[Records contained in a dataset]
==============================
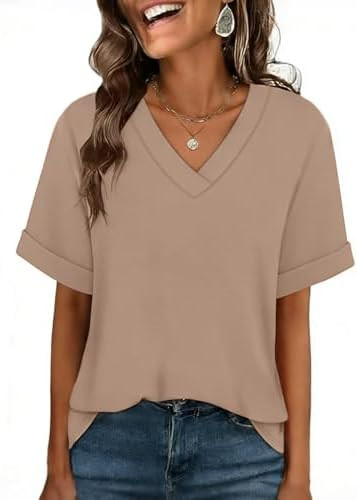 WIHOLL Womens Oversized V Neck Tshirts Plus Size Summer Tops 2026 Short Rolled Sleeve Shirts Dres... | Amazon (US)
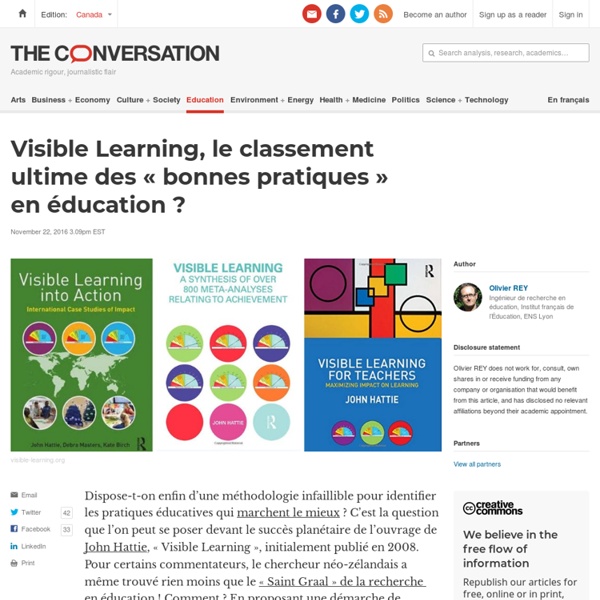 Visible Learning, le classement ultime des « bonnes pratiques » en éducation ? - The conversation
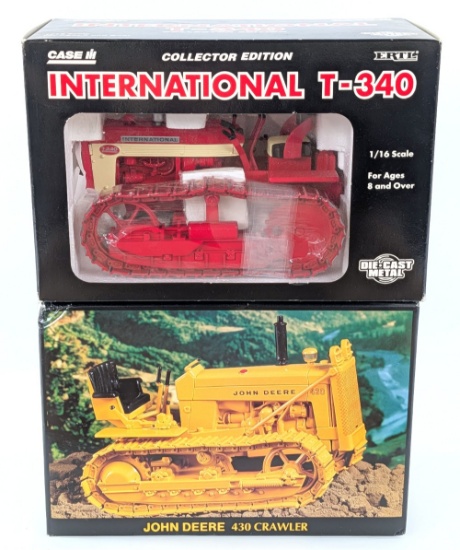 1/16 Ertl John Deere 430 Crawler & International T-340 Crawler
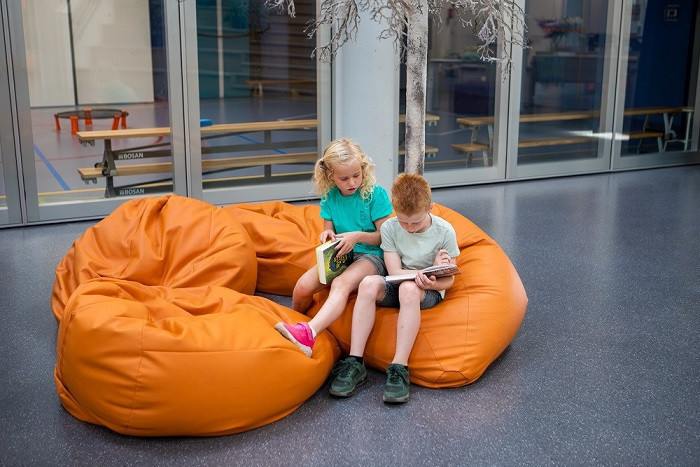 Samen lezen op de zitzak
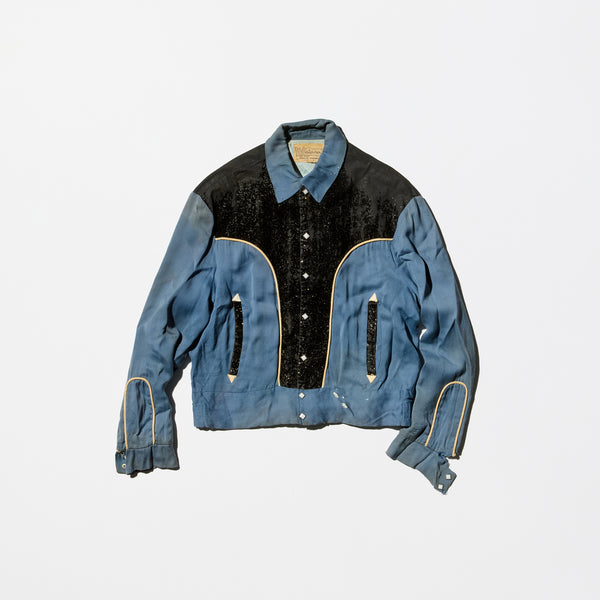 Vintage 1959《Westerner》Blue Gabardine×Velvet×Glitter Western Jacket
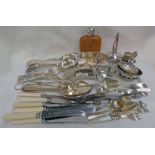 SELECTION OF SILVER PLATED CUTLERY, SILVER PLATED HIP FLASK, WINE TASTERS,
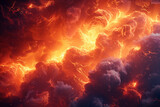 Fototapeta  - Abstract firestorm raging with intense energy.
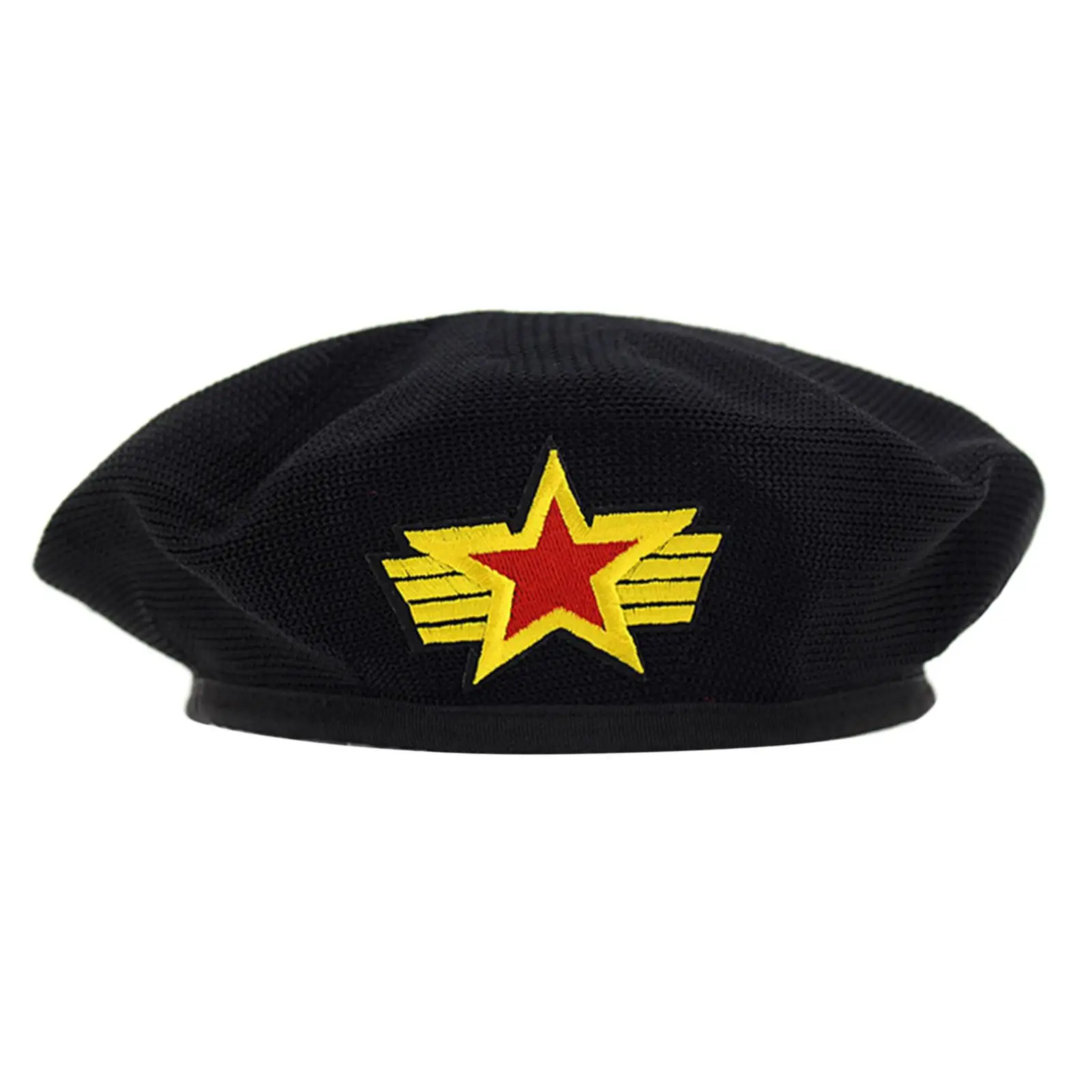 Knitted  Hat Caps Five-Pointed Star  Beanie Adjustable  Unisex French  Casual for Performance Show Stage Dance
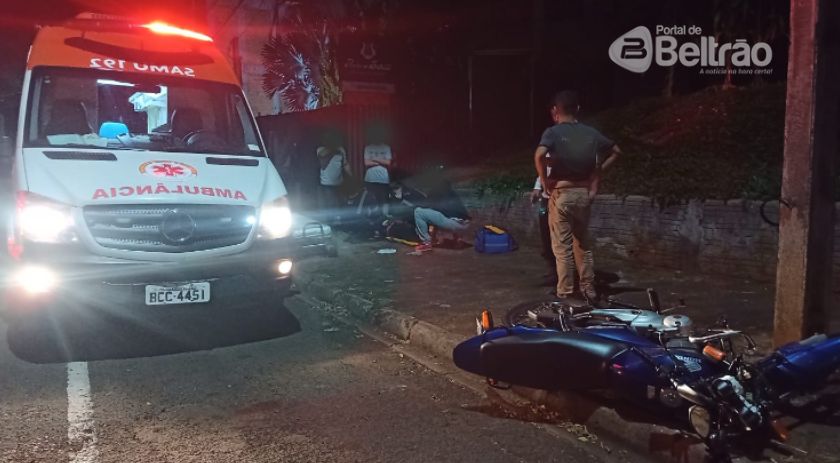 Homem sofre fratura em acidente no Centro de Francisco Beltrão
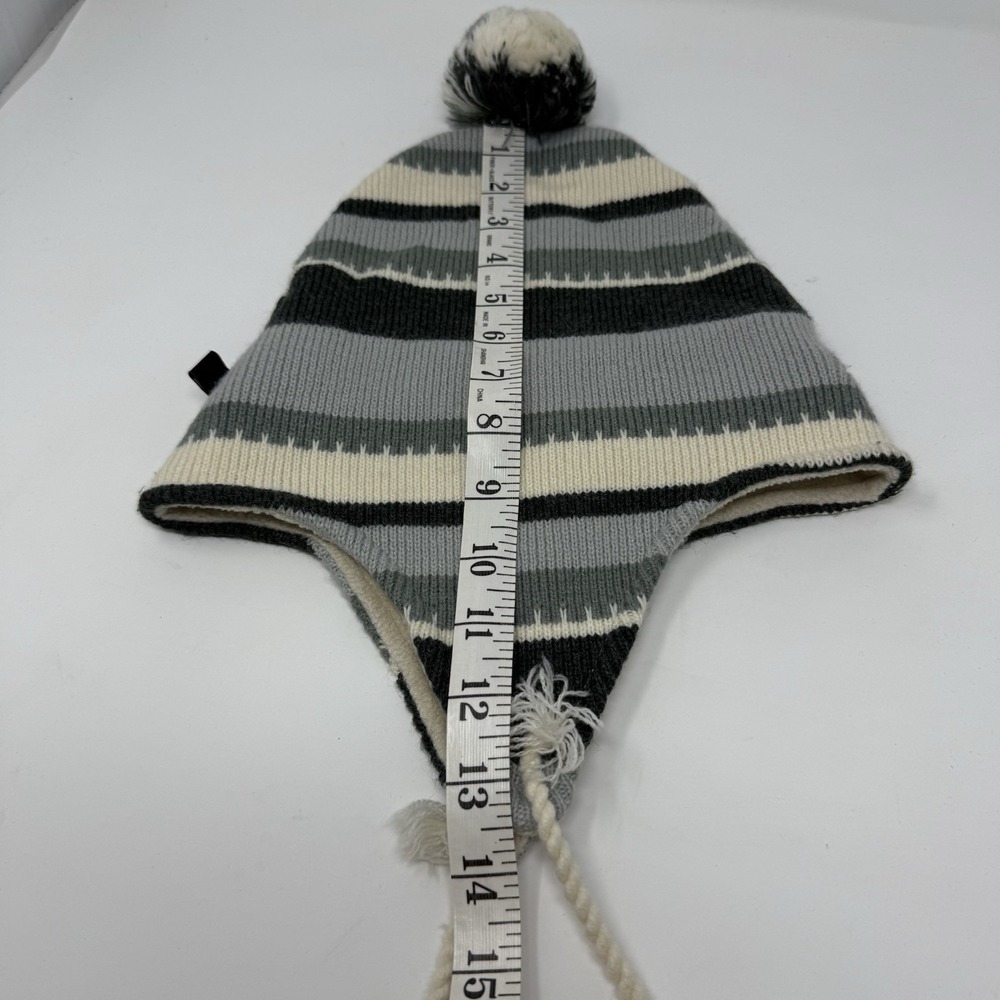 Kangol Stripped Pom Beanie Trapper Hat Held‎ Stitch Snood Ear Flaps Size L/XL - Picture 11 of 11
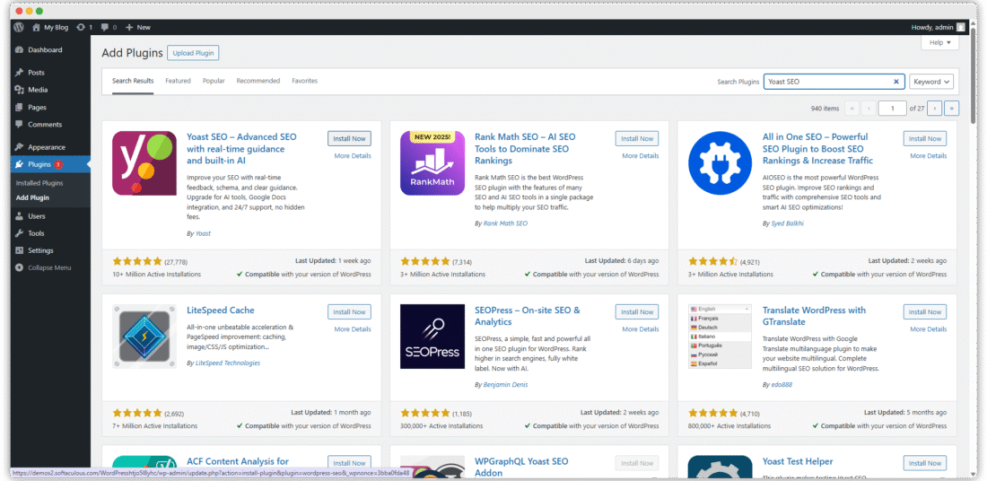 WordPress Add Plugins page showing Yoast SEO plugin ready for installation as part of an SEO plugin setup.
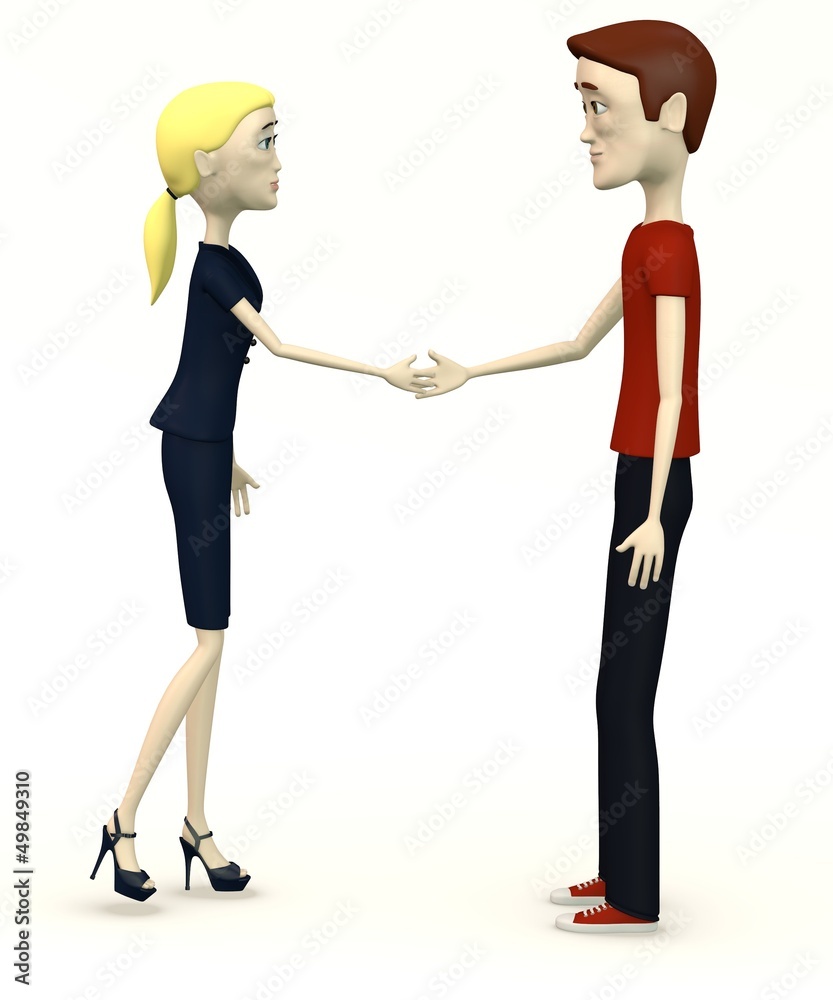 Fototapeta premium 3d render of cartoon characters shaking hands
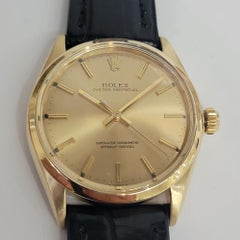 Rolex Oyster Perpetual 1002 34mm 14k Gold Mens 1960s Vintage Automatic RA785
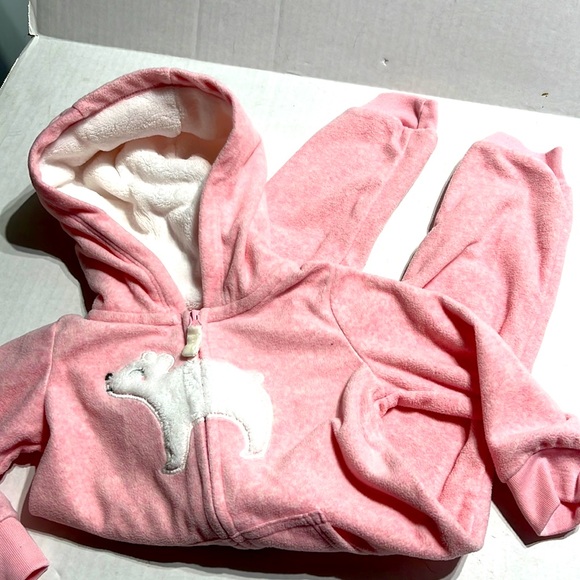 Carter’s super soft velour hooded warm-weather onesie 12m - Picture 1 of 8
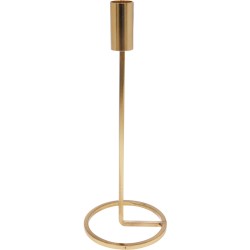 Eenvoudige, moderne kaarsenhouder van goudkleurig metaal met een strakke, minimalistische vorm.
==============================
Action item:
Could you restate every record above word for word, dropping the pictures?

Answer to this exercise:
 WIHOLL Womens Oversized V Neck Tshirts Plus Size Summer Tops 2026 Short Rolled Sleeve Shirts Dres... | Amazon (US)
 Visible Learning, le classement ultime des « bonnes pratiques » en éducation ? - The conversation
 1/16 Ertl John Deere 430 Crawler & International T-340 Crawler
 Samen lezen op de zitzak
 Vintage 1959《Westerner》Blue Gabardine×Velvet×Glitter Western Jacket
 SELECTION OF SILVER PLATED CUTLERY, SILVER PLATED HIP FLASK, WINE TASTERS,
 Fototapeta  - Abstract firestorm raging with intense energy.
 Knitted  Hat Caps Five-Pointed Star  Beanie Adjustable  Unisex French  Casual for Performance Show Stage Dance
 Homem sofre fratura em acidente no Centro de Francisco Beltrão
 Kangol Stripped Pom Beanie Trapper Hat Held‎ Stitch Snood Ear Flaps Size L/XL - Picture 11 of 11
 WordPress Add Plugins page showing Yoast SEO plugin ready for installation as part of an SEO plugin setup.
 Fototapeta premium 3d render of cartoon characters shaking hands
 Rolex Oyster Perpetual 1002 34mm 14k Gold Mens 1960s Vintage Automatic RA785
 Carter’s super soft velour hooded warm-weather onesie 12m - Picture 1 of 8
 Eenvoudige, moderne kaarsenhouder van goudkleurig metaal met een strakke, minimalistische vorm.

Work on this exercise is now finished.